§ **Task**
Copy out all of the data that follows, exactly as it appears.

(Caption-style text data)
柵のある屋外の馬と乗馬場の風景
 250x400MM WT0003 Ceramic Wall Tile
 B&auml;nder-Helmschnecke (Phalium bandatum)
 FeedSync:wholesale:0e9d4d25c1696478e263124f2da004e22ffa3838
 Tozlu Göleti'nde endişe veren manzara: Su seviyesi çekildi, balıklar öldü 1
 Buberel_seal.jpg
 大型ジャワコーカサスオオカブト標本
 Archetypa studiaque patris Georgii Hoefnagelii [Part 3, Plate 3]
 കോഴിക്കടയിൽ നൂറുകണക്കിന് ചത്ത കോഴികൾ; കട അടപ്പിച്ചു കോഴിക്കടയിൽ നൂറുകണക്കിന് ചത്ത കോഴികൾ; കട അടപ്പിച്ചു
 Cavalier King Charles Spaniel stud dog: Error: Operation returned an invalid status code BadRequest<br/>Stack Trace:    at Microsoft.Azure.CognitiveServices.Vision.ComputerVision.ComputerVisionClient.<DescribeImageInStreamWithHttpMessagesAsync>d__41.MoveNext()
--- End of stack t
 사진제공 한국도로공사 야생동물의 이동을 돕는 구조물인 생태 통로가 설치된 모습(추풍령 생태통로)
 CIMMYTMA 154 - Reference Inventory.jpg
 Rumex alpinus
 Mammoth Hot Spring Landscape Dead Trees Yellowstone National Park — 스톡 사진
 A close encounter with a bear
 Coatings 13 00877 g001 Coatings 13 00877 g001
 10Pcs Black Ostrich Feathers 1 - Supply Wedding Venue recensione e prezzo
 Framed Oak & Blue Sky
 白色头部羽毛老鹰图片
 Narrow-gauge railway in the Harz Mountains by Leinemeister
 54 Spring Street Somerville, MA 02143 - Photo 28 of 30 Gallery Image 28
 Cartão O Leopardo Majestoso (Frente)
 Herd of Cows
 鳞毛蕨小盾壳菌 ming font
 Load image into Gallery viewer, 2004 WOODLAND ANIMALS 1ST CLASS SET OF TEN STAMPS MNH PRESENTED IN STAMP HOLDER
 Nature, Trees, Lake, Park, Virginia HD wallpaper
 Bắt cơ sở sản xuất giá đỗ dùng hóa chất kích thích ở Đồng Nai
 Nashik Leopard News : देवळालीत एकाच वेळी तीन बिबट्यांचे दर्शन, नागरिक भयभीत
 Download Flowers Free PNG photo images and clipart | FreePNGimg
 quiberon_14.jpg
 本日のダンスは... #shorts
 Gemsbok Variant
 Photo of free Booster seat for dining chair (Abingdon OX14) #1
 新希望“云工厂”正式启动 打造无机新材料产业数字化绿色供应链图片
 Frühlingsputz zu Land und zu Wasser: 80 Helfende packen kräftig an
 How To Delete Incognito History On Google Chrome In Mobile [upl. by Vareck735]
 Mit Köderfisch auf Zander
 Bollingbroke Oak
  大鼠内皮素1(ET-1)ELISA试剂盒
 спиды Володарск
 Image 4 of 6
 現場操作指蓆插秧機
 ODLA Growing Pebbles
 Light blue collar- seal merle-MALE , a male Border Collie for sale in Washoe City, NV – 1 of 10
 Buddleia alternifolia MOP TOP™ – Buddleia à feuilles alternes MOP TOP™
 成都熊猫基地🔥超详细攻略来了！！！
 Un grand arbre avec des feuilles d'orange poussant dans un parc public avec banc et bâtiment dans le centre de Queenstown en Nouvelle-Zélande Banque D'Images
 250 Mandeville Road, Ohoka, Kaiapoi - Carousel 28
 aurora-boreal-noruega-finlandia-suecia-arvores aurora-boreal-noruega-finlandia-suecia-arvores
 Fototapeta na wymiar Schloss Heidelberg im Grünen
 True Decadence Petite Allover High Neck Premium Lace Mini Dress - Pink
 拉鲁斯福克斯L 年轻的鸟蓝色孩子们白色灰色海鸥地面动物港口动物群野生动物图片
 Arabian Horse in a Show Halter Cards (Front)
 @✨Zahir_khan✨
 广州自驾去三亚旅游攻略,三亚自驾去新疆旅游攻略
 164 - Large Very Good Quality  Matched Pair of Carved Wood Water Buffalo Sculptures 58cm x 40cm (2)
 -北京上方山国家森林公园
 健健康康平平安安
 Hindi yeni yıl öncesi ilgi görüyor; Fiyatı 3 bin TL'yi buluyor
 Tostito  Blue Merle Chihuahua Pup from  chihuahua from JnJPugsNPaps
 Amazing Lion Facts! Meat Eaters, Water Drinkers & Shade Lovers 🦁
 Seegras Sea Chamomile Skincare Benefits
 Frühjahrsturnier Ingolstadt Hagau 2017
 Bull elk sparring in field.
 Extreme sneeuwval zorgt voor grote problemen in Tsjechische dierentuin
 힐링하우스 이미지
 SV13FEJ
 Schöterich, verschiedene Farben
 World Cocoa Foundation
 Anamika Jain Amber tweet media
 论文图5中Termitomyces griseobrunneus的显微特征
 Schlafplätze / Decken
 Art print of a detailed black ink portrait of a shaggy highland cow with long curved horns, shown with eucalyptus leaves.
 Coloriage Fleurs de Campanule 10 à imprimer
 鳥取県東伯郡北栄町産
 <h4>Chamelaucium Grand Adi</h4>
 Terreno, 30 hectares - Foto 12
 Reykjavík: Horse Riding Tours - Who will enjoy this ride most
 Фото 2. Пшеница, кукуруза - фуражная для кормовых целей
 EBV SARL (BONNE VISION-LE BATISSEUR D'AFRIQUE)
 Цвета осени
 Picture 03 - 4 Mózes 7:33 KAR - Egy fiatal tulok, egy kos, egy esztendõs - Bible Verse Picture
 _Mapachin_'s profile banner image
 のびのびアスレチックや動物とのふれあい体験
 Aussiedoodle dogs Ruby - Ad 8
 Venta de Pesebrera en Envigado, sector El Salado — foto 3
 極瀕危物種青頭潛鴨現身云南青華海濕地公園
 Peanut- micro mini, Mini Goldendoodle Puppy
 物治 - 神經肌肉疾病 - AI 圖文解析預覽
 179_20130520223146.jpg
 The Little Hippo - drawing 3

§ **Task result**
柵のある屋外の馬と乗馬場の風景
 250x400MM WT0003 Ceramic Wall Tile
 B&auml;nder-Helmschnecke (Phalium bandatum)
 FeedSync:wholesale:0e9d4d25c1696478e263124f2da004e22ffa3838
 Tozlu Göleti'nde endişe veren manzara: Su seviyesi çekildi, balıklar öldü 1
 Buberel_seal.jpg
 大型ジャワコーカサスオオカブト標本
 Archetypa studiaque patris Georgii Hoefnagelii [Part 3, Plate 3]
 കോഴിക്കടയിൽ നൂറുകണക്കിന് ചത്ത കോഴികൾ; കട അടപ്പിച്ചു കോഴിക്കടയിൽ നൂറുകണക്കിന് ചത്ത കോഴികൾ; കട അടപ്പിച്ചു
 Cavalier King Charles Spaniel stud dog: Error: Operation returned an invalid status code BadRequest<br/>Stack Trace:    at Microsoft.Azure.CognitiveServices.Vision.ComputerVision.ComputerVisionClient.<DescribeImageInStreamWithHttpMessagesAsync>d__41.MoveNext()
--- End of stack t
 사진제공 한국도로공사 야생동물의 이동을 돕는 구조물인 생태 통로가 설치된 모습(추풍령 생태통로)
 CIMMYTMA 154 - Reference Inventory.jpg
 Rumex alpinus
 Mammoth Hot Spring Landscape Dead Trees Yellowstone National Park — 스톡 사진
 A close encounter with a bear
 Coatings 13 00877 g001 Coatings 13 00877 g001
 10Pcs Black Ostrich Feathers 1 - Supply Wedding Venue recensione e prezzo
 Framed Oak & Blue Sky
 白色头部羽毛老鹰图片
 Narrow-gauge railway in the Harz Mountains by Leinemeister
 54 Spring Street Somerville, MA 02143 - Photo 28 of 30 Gallery Image 28
 Cartão O Leopardo Majestoso (Frente)
 Herd of Cows
 鳞毛蕨小盾壳菌 ming font
 Load image into Gallery viewer, 2004 WOODLAND ANIMALS 1ST CLASS SET OF TEN STAMPS MNH PRESENTED IN STAMP HOLDER
 Nature, Trees, Lake, Park, Virginia HD wallpaper
 Bắt cơ sở sản xuất giá đỗ dùng hóa chất kích thích ở Đồng Nai
 Nashik Leopard News : देवळालीत एकाच वेळी तीन बिबट्यांचे दर्शन, नागरिक भयभीत
 Download Flowers Free PNG photo images and clipart | FreePNGimg
 quiberon_14.jpg
 本日のダンスは... #shorts
 Gemsbok Variant
 Photo of free Booster seat for dining chair (Abingdon OX14) #1
 新希望“云工厂”正式启动 打造无机新材料产业数字化绿色供应链图片
 Frühlingsputz zu Land und zu Wasser: 80 Helfende packen kräftig an
 How To Delete Incognito History On Google Chrome In Mobile [upl. by Vareck735]
 Mit Köderfisch auf Zander
 Bollingbroke Oak
  大鼠内皮素1(ET-1)ELISA试剂盒
 спиды Володарск
 Image 4 of 6
 現場操作指蓆插秧機
 ODLA Growing Pebbles
 Light blue collar- seal merle-MALE , a male Border Collie for sale in Washoe City, NV – 1 of 10
 Buddleia alternifolia MOP TOP™ – Buddleia à feuilles alternes MOP TOP™
 成都熊猫基地🔥超详细攻略来了！！！
 Un grand arbre avec des feuilles d'orange poussant dans un parc public avec banc et bâtiment dans le centre de Queenstown en Nouvelle-Zélande Banque D'Images
 250 Mandeville Road, Ohoka, Kaiapoi - Carousel 28
 aurora-boreal-noruega-finlandia-suecia-arvores aurora-boreal-noruega-finlandia-suecia-arvores
 Fototapeta na wymiar Schloss Heidelberg im Grünen
 True Decadence Petite Allover High Neck Premium Lace Mini Dress - Pink
 拉鲁斯福克斯L 年轻的鸟蓝色孩子们白色灰色海鸥地面动物港口动物群野生动物图片
 Arabian Horse in a Show Halter Cards (Front)
 @✨Zahir_khan✨
 广州自驾去三亚旅游攻略,三亚自驾去新疆旅游攻略
 164 - Large Very Good Quality  Matched Pair of Carved Wood Water Buffalo Sculptures 58cm x 40cm (2)
 -北京上方山国家森林公园
 健健康康平平安安
 Hindi yeni yıl öncesi ilgi görüyor; Fiyatı 3 bin TL'yi buluyor
 Tostito  Blue Merle Chihuahua Pup from  chihuahua from JnJPugsNPaps
 Amazing Lion Facts! Meat Eaters, Water Drinkers & Shade Lovers 🦁
 Seegras Sea Chamomile Skincare Benefits
 Frühjahrsturnier Ingolstadt Hagau 2017
 Bull elk sparring in field.
 Extreme sneeuwval zorgt voor grote problemen in Tsjechische dierentuin
 힐링하우스 이미지
 SV13FEJ
 Schöterich, verschiedene Farben
 World Cocoa Foundation
 Anamika Jain Amber tweet media
 论文图5中Termitomyces griseobrunneus的显微特征
 Schlafplätze / Decken
 Art print of a detailed black ink portrait of a shaggy highland cow with long curved horns, shown with eucalyptus leaves.
 Coloriage Fleurs de Campanule 10 à imprimer
 鳥取県東伯郡北栄町産
 <h4>Chamelaucium Grand Adi</h4>
 Terreno, 30 hectares - Foto 12
 Reykjavík: Horse Riding Tours - Who will enjoy this ride most
 Фото 2. Пшеница, кукуруза - фуражная для кормовых целей
 EBV SARL (BONNE VISION-LE BATISSEUR D'AFRIQUE)
 Цвета осени
 Picture 03 - 4 Mózes 7:33 KAR - Egy fiatal tulok, egy kos, egy esztendõs - Bible Verse Picture
 _Mapachin_'s profile banner image
 のびのびアスレチックや動物とのふれあい体験
 Aussiedoodle dogs Ruby - Ad 8
 Venta de Pesebrera en Envigado, sector El Salado — foto 3
 極瀕危物種青頭潛鴨現身云南青華海濕地公園
 Peanut- micro mini, Mini Goldendoodle Puppy
 物治 - 神經肌肉疾病 - AI 圖文解析預覽
 179_20130520223146.jpg
 The Little Hippo - drawing 3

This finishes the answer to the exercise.